Transformations define **how to change data**, but do not execute until an action is called.

- **distinct**

In [9]:
words.distinct().collect()

['name', 'is', 'My', 'Darshil']

- **filter**

In [10]:
words.filter(lambda w: w.startswith("D")).collect()

['Darshil']

- **map**

In [11]:
words2 = words.map(lambda w: (w, w[0], w.startswith("D")))
print(words2.take(3))

[('My', 'M', False), ('name', 'n', False), ('is', 'i', False)]

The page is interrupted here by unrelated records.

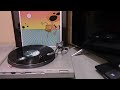 The Dismemberment Plan - Memory Machine (1999) Vinyl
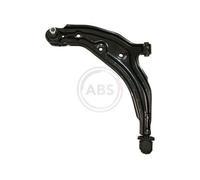 ABS 210401 Front Left Lower Outer Wishbone Suspension Arm Fits Nissan Micra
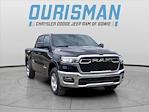 New 2025 Ram 1500 Big Horn Crew Cab 4x4 Pickup for sale #45560901 - photo 1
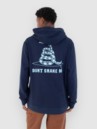 Hurley Sider Hoodie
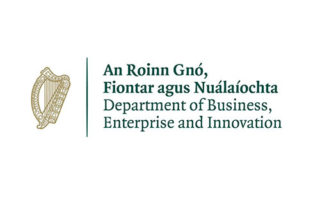 NEW ONLINE PROGRAMME FOR GALWAY FOOD START-UPS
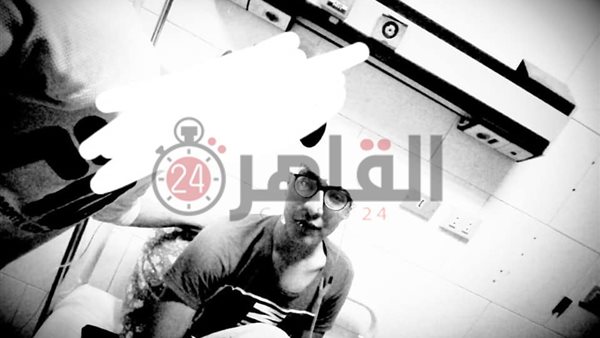 القاهرة 24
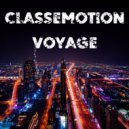 Classemotion - Styles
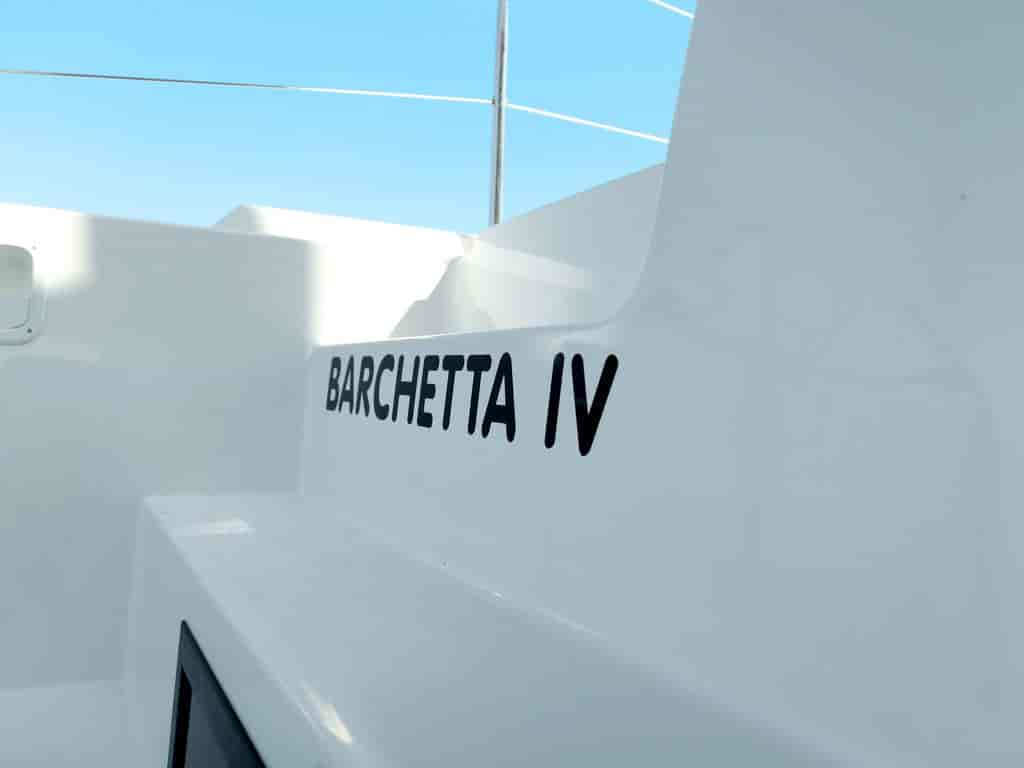 Boat picture 3
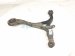 2006 Honda Accord Front Driver Lower Control Arm 51360 SDA A03 Replacement 2006 Honda Accord Front Driver Lower Control Arm 51360 SDA A03 Replacement thumbnail
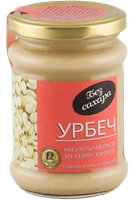 Урбеч из кунжута 280г 14237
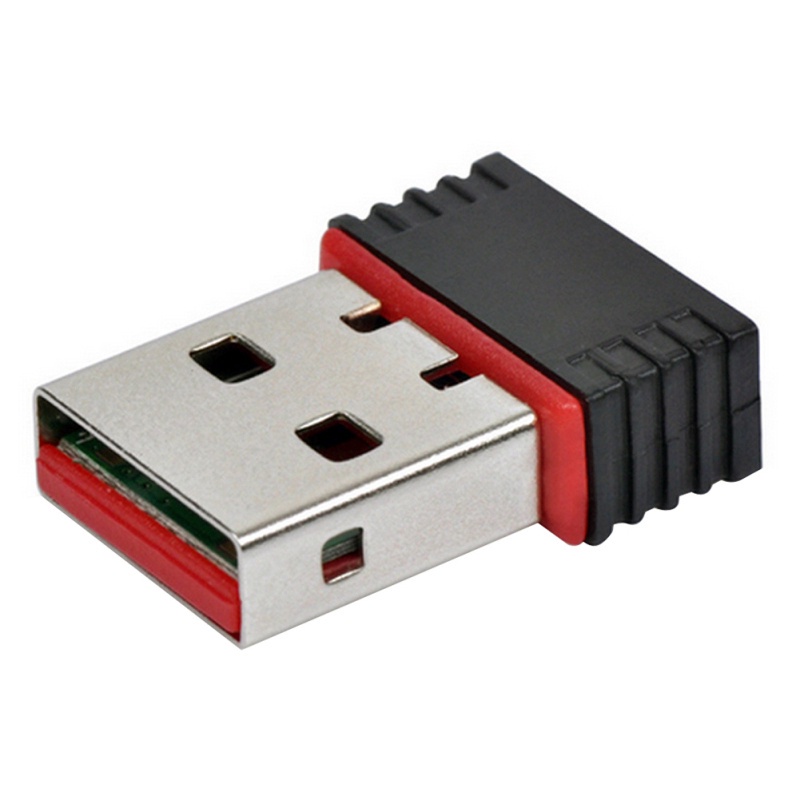 USB Wifi không dây Q2H3 | BigBuy360 - bigbuy360.vn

- **flatMap** (expands into multiple outputs)

In [12]:
chars = words.flatMap(lambda w: list(w))
print(chars.take(5))  # ['M','y','n','a','m']

['M', 'y', 'n', 'a', 'm']


- **sortBy**

In [13]:
words.sortBy(lambda w: len(w), ascending=False).take(2)

['Darshil', 'name']

- **randomSplit**<br>
This returns an array of RDDs that you can manipulate individually.

In [14]:
split_rdds = words.randomSplit([0.5, 0.5], seed=42)
print(split_rdds)

[PythonRDD[29] at RDD at PythonRDD.scala:53, PythonRDD[30] at RDD at PythonRDD.scala:53]


---

### 🔎 Step 7: RDD Actions (Eager)

Actions **trigger execution** of transformations.

- **reduce**

In [15]:
nums = spark.sparkContext.parallelize(range(1, 21))
print(nums.reduce(lambda x, y: x + y))  # sum = 210

210


- **count**

In [16]:
print(words.count())

4


- **first**

In [17]:
print(words.first())

My


- **max / min**

In [18]:
print(nums.max())  # 20
print(nums.min())  # 1

20
1


- **take / takeOrdered / top**

In [19]:
print(words.take(5))
print(words.takeOrdered(5))  # lowest sorted
print(words.top(5))          # highest sorted

['My', 'name', 'is', 'Darshil']
['Darshil', 'My', 'is', 'name']
['name', 'is', 'My', 'Darshil']


- **countByValue**

In [20]:
print(words.countByValue())

defaultdict(<class 'int'>, {'My': 1, 'name': 1, 'is': 1, 'Darshil': 1})


- **takeSample**

In [21]:
sample = words.takeSample(withReplacement=True, num=3, seed=10)
print(sample)

['My', 'is', 'name']


---

### 🔎 Step 8: Saving RDDs

**👉 Delete the existing directory: Before calling saveAsTextFile, you can delete the target directory if it exists.**

In [22]:
# Save as text file (each partition -> 1 file)
words.saveAsTextFile("tmp/words_output")

---

### 🔎 Step 9: Special Functions

- **glom()**
    - Converts partitions → arrays (useful for debugging).

In [23]:
print(spark.sparkContext.parallelize(["Hello", "World"], 2).glom().collect())
# [['Hello'], ['World']]

[['Hello'], ['World']]


---

### 🔎 Step 10: Key Insights

- **RDDs = flexible, lower-level control**, but harder to optimize.
- **DataFrames = structured, optimized, easier to use**.
- Best practice:
    - Use **RDDs only when absolutely needed**.
    - For everything else, **use DataFrame / Dataset APIs**.

---

✅ **In simple words:**

RDDs are like Spark's "raw ingredients." They give you complete control, but you lose automatic optimizations. DataFrames are like "ready-to-use recipes." Spark will optimize them for you.